Ce que recommande le CESE pour une gouvernance intégrée des secteurs EEAE
Les recommandations du CESE sont structurées autour de cinq axes, dont le premier concerne la promotion de la planification stratégique et innovante en créant des mécanismes de coordination intersectorielle Nexus aux niveaux central et régional. Pour ce faire, il faut assurer une coordination interministérielle au niveau central, mettre en place des groupes de travail thématiques et puis une coordination interinstitutionnelle au niveau régional, souligne l’avis.
Pour le deuxième axe, qui porte sur le renforcement des cadres juridiques et des politiques publiques, le conseil préconise d’évaluer et réviser ces cadres pour intégrer les principes Nexus et assurer leur cohérence, d’harmoniser les politiques sectorielles pour une gestion efficace des ressources, ainsi que de réorganiser des secteurs EEAE et création d'instances de régulation spécifiques.
Troisièmement, le CESE souligne l’importance de la promotion de la planification stratégique et innovante.

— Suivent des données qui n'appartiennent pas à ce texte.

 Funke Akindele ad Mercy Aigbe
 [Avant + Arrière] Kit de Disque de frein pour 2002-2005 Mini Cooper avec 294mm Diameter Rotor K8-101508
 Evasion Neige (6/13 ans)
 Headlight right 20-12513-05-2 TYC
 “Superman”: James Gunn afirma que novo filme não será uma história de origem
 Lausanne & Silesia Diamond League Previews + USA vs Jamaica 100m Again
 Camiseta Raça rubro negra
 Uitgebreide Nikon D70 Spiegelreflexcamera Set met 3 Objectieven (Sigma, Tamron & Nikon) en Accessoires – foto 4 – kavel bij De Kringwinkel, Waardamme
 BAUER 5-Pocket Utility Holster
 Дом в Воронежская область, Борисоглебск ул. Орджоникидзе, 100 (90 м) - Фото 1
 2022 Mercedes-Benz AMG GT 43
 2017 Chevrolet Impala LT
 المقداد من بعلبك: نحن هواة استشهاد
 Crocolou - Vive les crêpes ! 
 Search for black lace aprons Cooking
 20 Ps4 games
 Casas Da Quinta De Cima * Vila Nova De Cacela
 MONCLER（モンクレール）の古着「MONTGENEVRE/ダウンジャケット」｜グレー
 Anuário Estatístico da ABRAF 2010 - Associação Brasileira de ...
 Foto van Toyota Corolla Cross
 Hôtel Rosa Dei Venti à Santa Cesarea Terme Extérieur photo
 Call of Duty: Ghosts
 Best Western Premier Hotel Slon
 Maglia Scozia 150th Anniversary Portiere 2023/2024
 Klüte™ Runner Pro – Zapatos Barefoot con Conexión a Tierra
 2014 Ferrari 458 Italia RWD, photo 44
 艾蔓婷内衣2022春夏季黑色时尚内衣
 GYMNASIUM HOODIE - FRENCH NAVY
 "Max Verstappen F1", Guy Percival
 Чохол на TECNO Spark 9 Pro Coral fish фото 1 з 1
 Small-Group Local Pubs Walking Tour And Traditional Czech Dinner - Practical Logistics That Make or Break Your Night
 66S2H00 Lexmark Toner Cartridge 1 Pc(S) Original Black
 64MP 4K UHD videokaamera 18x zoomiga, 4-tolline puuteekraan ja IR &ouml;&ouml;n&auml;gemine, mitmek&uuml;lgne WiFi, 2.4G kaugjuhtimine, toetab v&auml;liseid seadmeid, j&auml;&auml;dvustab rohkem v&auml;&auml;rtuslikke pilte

Pour cela, le même conseil propose d’analyser les interdépendances entre les secteurs EEAE pour dépasser la planification en silo, d’inclure l’ensemble des acteurs et des parties prenantes pour des solutions adaptées, mais aussi instaurer des mécanismes d’évaluation et de suivi pour ajuster les politiques publiques en fonction des évolutions.
Pour renforcer et diversifier les mécanismes de financement pour la mise en œuvre du Nexus, un autre axe mis en avant par le CESE, ce dernier propose d’intégrer le Nexus dans la planification budgétaire pluriannuelle avec des budgets spécifiques pour les projets intersectoriels, de mettre en place d’incitations et des partenariats public-privé (PPP), à travers des subventions, incitations fiscales et cadre juridique favorable pour les projets Nexus, en plus d’un soutien aux communautés locales avec formations et accès aux financements.
Enfin, le CESE recommande de renforcer les capacités des acteurs pour la mise en œuvre de l’approche Nexus. Des programmes de formation continue pour les responsables, techniciens et gestionnaires et d’autres pour la promotion de la recherche et de l’innovation. Un système d’information centralisé pour collecter et analyser les données pour orienter la prise de décision et évaluer les progrès, mais aussi l’intégration des concepts Nexus dans les programmes éducatifs et stratégies de communication ciblées, pourrait aussi contribuer à surmonter les freins qui persistent au niveau de la gouvernance WEFE.